Ever yell at a golf ball to make sure it goes into the hole? Ever do a little dance so a bowling ball doesn’t go into the gutter? Ever lean and stretch to make sure the fly ball doesn’t go foul?

Welcome to the world of sympathetic magic. In this, you are no different from the cavemen(women?) who painted those beautiful scenes of the hunt in the caves at Lascaux—the very first art we know about. The art, the passionate exhortations, the bodily contortions, are all examples of what Carl Gustav Jung referred to as the “participation mystique.” This is the belief that we are somehow mystically tied to things outside of ourselves (from a wooly mammoth to a Titleist Pro V1 golf ball—pick your poison); and with the right form of manipulation (“participation”) we can get them to do what we want them to do (die in the hunt or drop in the hole for a birdie). Cantor Rockman reminds me of Carlton Fisk waiving the ball on for his walk-off home run to win Game 6 of the 1975 Series.

Great “body English” notwithstanding, I seriously doubt that leaning to the side will change the course of flight of a ball, or that reciting “Cmon, c’mon, c’mon” will keep a kicked football between distant goal posts. But in our prayers, we have some examples of “participation mystique” that really have had an effect. One we have already studied: the gathering of our four tzitzit, the fringes on the corners of the tallit, when we pray right before the Shema, “Bring us from the four corners of the earth and lead us honorably to our land.” This isn’t hocus pocus. It’s not like waving a magic wand. Instead, the very fact that we have said this prayer at a dramatic moment, and with “choreography,” every single day for centuries is a striking reinforcement of the idea that we will indeed, someday, be gathered from the four corners of the earth and return. In other words, it has had a practical impact.

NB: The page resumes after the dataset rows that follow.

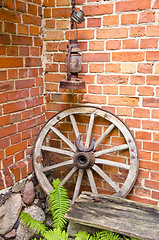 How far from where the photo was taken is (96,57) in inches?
85.4

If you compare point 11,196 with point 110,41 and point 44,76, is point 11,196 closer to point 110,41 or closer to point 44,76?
point 44,76

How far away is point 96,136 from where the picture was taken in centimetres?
229

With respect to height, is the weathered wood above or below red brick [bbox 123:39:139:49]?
below

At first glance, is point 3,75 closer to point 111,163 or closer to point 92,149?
point 92,149

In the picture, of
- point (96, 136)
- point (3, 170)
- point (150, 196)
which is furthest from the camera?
point (96, 136)

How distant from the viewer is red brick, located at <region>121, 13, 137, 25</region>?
1996 millimetres

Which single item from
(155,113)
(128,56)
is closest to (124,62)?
(128,56)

So, too the prayer right before the Amidah, tzur yisrael. “Rock of Israel, rise in defense of Israel…”. At precisely the time we ask G-d to “rise in defense of Israel,” we rise in preparation for the Amidah (literally, the “Standing Prayer”). Again, no hocus pocus. G-d doesn’t arise for us just because we arise for G-d. There is instead something awesome about the image of Jews “arising.” If history has taught us anything, it is that we must “arise” if we are to survive. Menachem Begin wrote, “When a Jew anywhere in the world is threatened or under attack, do all in your power to come to his aid. Never pause to wonder what the world with think or say. The world will never pity slaughtered Jews. The world may not necessarily like the fighting Jew, but the world will have to take account of him.”